Hapless schlep Tommy Kilgore (Mike Dennis) is in way over his head. As if a humiliating “This has never happened to me before” one-night stand, running out of gas on the way to work, and getting fired as a result of it weren’t enough, Tommy owes his bookie a hefty sum. $10,237 to be exact. Even though Tommy’s bookie also happens to be his crusty Uncle Joe (Perry Samuels), and even though Uncle Joe claims he likes the kid, that doesn’t mean he won’t sic his two slab of beef henchmen Sal (Mike Bizzarri) and Tony (Dick Hagerman) on his pasty, pudgy nephew to extract a little extra interest.
When Tommy goes to a neighborhood bar to drown his sorrows, his luck seems to change. First, he meets the sweet and attractive waitress April (Kristin Vandivier), then gets a side job doing taxes for the bar’s owner TJ (Bob Elkins). The real break comes when, as payment, TJ offers Tommy a surefire tip on a horse race…and sends him to the track with April to place a bet which could get him out of hock with Uncle Joe. As any gambler will attest, however, there’s no such thing as a sure bet. And even when things seem to be going right for Tommy for once in his life, appearances can be as deceiving as the spread.

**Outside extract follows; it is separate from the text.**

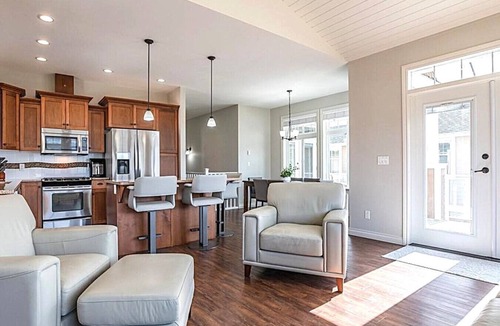 Okanagan-Similkameen House | Merlot by the Lake Cottage #206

Paul Geiger’s good-natured genre hybrid has a lot going for it. With moods ranging from a romantic comedy to a hard-bitten Mafioso movie, “April’s Fool” is likable enough, even during the frequent scenes where the dialogue rambles on almost as if it were being ad-libbed. Though Vandivier brings a certain fresh-faced innocence to her titular role, it’s mainly the palpable keep-your-enemies-close conflict between Samuels’ charismatic yet darkly ominous Uncle Joe and Dennis’ over-matched, utterly pathetic Tommy that drives this film forward. The film is unquestionably a little ragged around the edges and its ending unravels rapidly as it crosses the finish line. Still, like a horse that Shows, “April’s Fool” does more things right than wrong.